Sejak saat itu boleh dibilang kegiatan panjat dinding mulai populer. Sejumlah perguruan tinggi macam Universitas Parahyangan, Trisakti, Institut Sains dan Teknologi Nasional, sampai Ul mengadakan lomba. Bahkan sampai ke tinggal SMA, ketika itu yang pertama-tama jadi pioner di antaranya adalah SMA 6 dan SMA 70 Jakarta.
Demikian pula dalam soal peralatan. Mula-mula mendapatkan point (pegangan) buat dinding panjat memang sulit. Sekitar akhir 1980-an, Ogun dan Bongkeng dari Wanadri mengusahakan point buatan sendiri. Setelah melalui tes kelayakan di LIPI (sekarang BRIN), point tersebut ternyata layak digunakan untuk dinding panjat. Harganya pun jauh lebih murah dibanding yang impor.
Seiring dengan itu, rancang bangun dinding panjat pun mulai berkembang. Salah satu yang menarik ketika itu adalah yang dimiliki Klab Trupala SMA 6 Jakarta. Dinding panjat setinggi 8,5 meter itu memiliki overhang yang besar di ujungnya. Selain itu, dinding ini pun bersistem bongkar pasang.
Populernya olahraga memanjat ini jelas karena kemudahan yang diberikannya. Sejak adanya dinding panjat, orang tak perlu harus jauh-jauh pergi ke tebing. Yang jelas memakan waktu dan risiko ekstra lebih. Lagi pula, bagi anak sekolah yang masih remaja, jelas ada kebanggaan lebih. Bayangkan, bisa memanjat setinggi itu disaksikan oleh kawan-kawannya. Suatu hal yang tak didapatnya seandainya ia pergi ke tebing.
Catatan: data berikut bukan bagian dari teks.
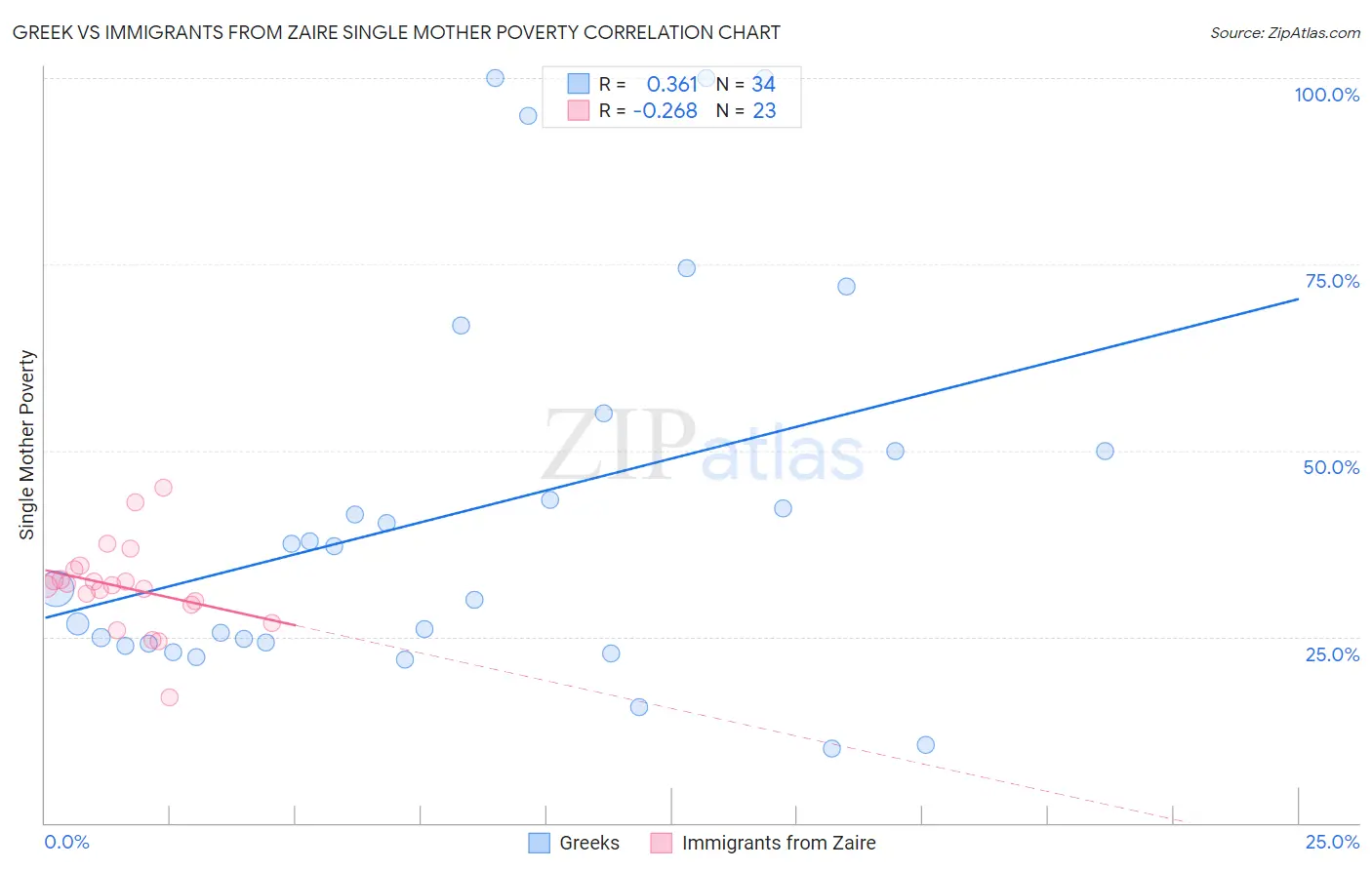 Greek vs Immigrants from Zaire Single Mother Poverty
Ada unsur pamer, ada ganjaran pengakuan. Biar saja. Dan jangan lupa, kegiatan ini pun ada kejuaraan dunianya, bahkan sekarang sudah dilombakan di Olimpiade sejak 2018. Dan Indonesia termasuk negara yang diperhitungkan dalam olahraga yang masuk kategori ekstrem ini.